Nevins was born in Illinois, and was a brother of Allan Nevins, the noted historian. He joined the Army in 1917 and served under Dwight D. Eisenhower in the Philippines in the 1930s and in North Africa and Europe during World War II. Nevins retired from the Army in 1946 but continued to have frequent contacts with Dwight D. Eisenhower.

In 1950 Dwight D. and Mamie Eisenhower bought a 189 acre farm adjacent to the Gettysburg Battlefield, intending to use it as a place to live when they retired. Eisenhower was preparing to leave for Europe where he had been appointed Supreme Commander of NATO forces, so he hired Nevins to manage the farm for him.

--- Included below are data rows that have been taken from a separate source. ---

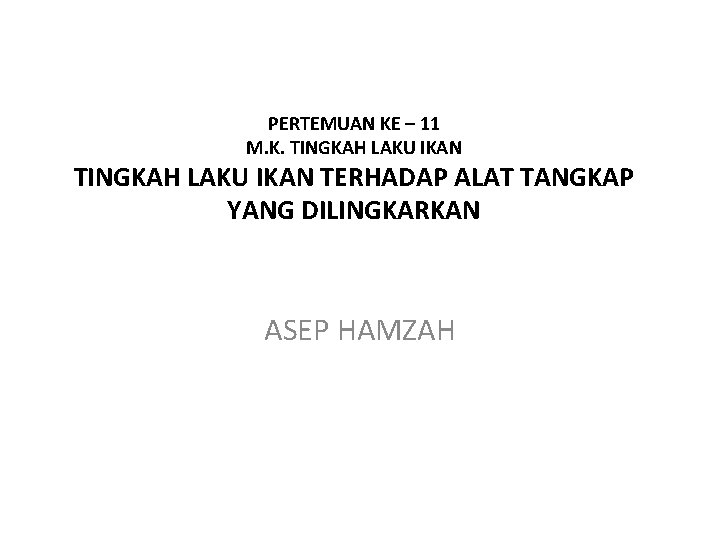 PERTEMUAN KE – 11 M. K. TINGKAH LAKU IKAN TERHADAP ALAT TANGKAP YANG DILINGKARKAN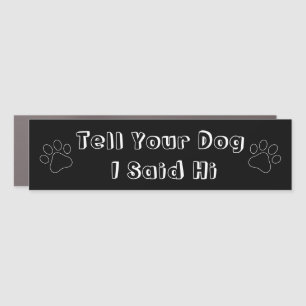 Tell your dog I said hi Car Magnet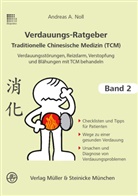Andreas Noll, Andreas A Noll, Andreas A. Noll - Verdauungs-Ratgeber Traditionelle Chinesische Medizin (TCM)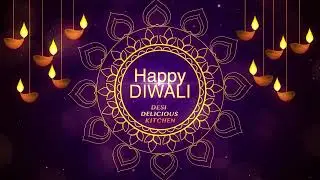 Desi Delicious Kitchen Diwali Celebration | Festive Cooking, Lights & Wishes 🪔✨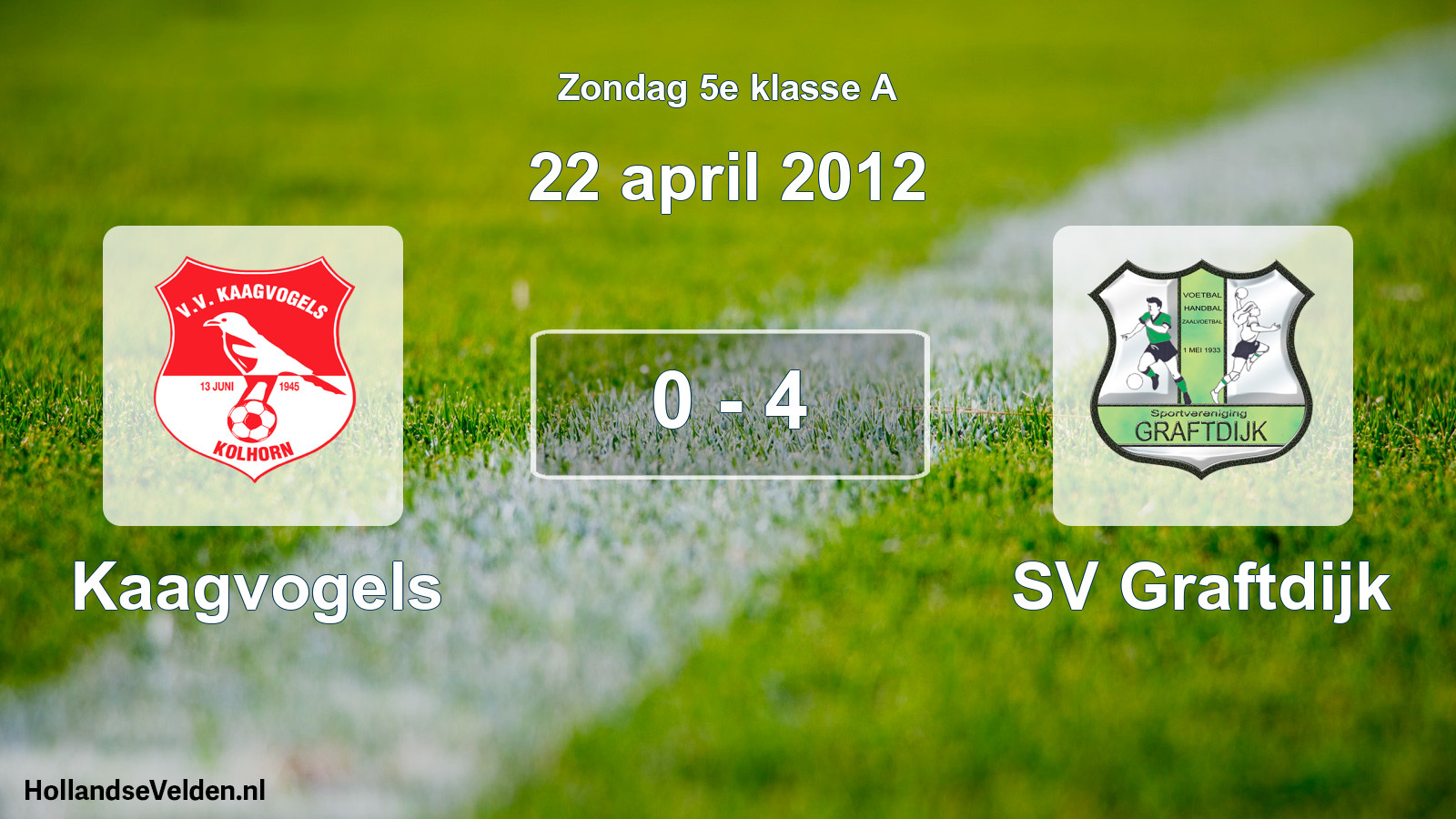 Total number of matches played: Kaagvogels - SV Graftdijk 0 - 4 (22 April 2012)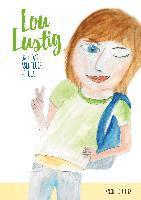 Lou Lustig und das Abenteuer Schule 1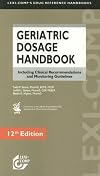 Geriatric Dosage Handbook: Including Clinical Recommendations and Monitoring Guidelines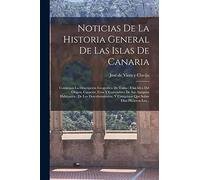 Noticias De La Historia General De Las Islas De Canaria: Contienen La Descripción Geográfica De Todas : Una Idea Del Origen, Caracter, Usos Y ... Y Conquistas Que Sobre Ellas Hicieron Los...
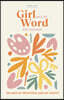 Girl and the Word Devotional: 100 Days of Devotions and DIY Crafts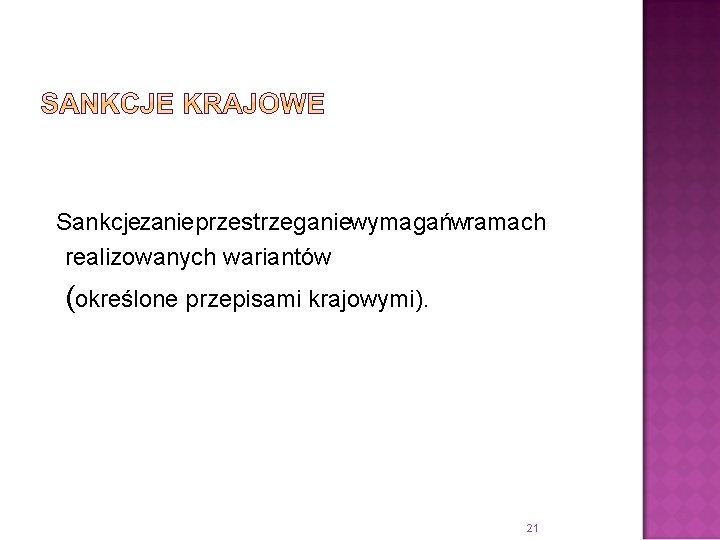 Sankcjezanieprzestrzeganiewymagańwramach realizowanych wariantów (określone przepisami krajowymi). 21 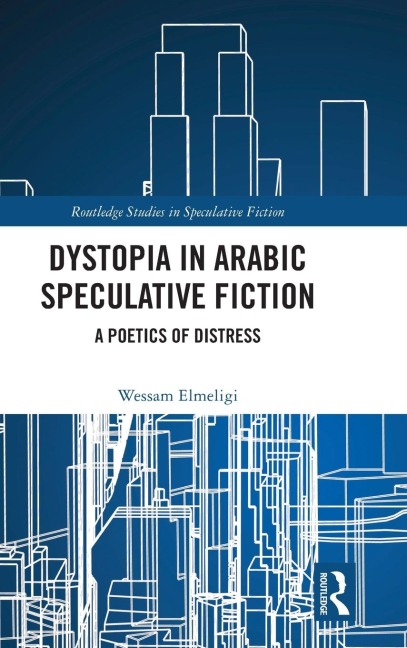 Dystopia in Arabic Speculative Fiction: A Poetics of Distress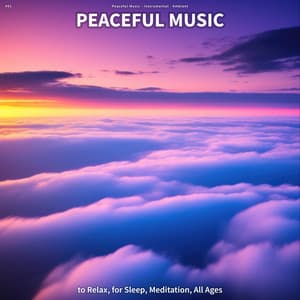 #01 Peaceful Music to Relax, for Sleep, Meditation, All Ages - Peaceful Music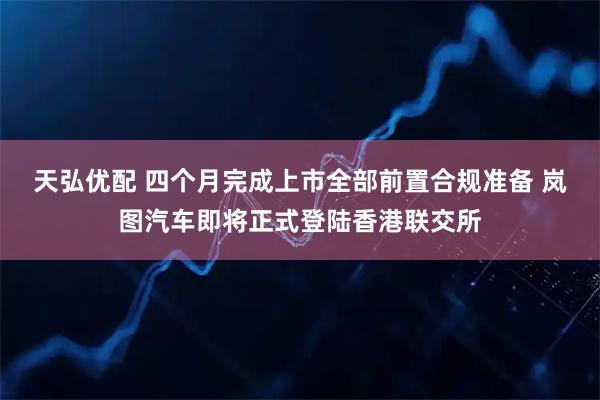 天弘优配 四个月完成上市全部前置合规准备 岚图汽车即将正式登陆香港联交所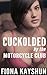 Cuckolded by the Motorcycle Club (Cuckold Interracial Hotwife Erotica)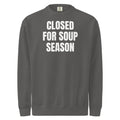 CLOSED FOR SOUP SEASON garment-dyed sweatshirt, pepper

Nevins moved to Gettysburg in April 1951 and managed Eisenhower's farm until Eisenhower retired from the presidency in 1961. Nevins settled on an adjoining farm and remained a close friend of Eisenhower until Eisenhower's death in 1969.

Soon after Eisenhower's death, General Nevins began to write a book about their friendship. In 1972 he provided the Eisenhower Presidential Library with a copy of the rough draft of the manuscript, which he had titled "Looking Back Over More Than Fifty Years of Friendship With General Eisenhower." The book was eventually published in 1977 by Carlton Press of New York City under the title "Gettysburg’s Five-Star Farmer."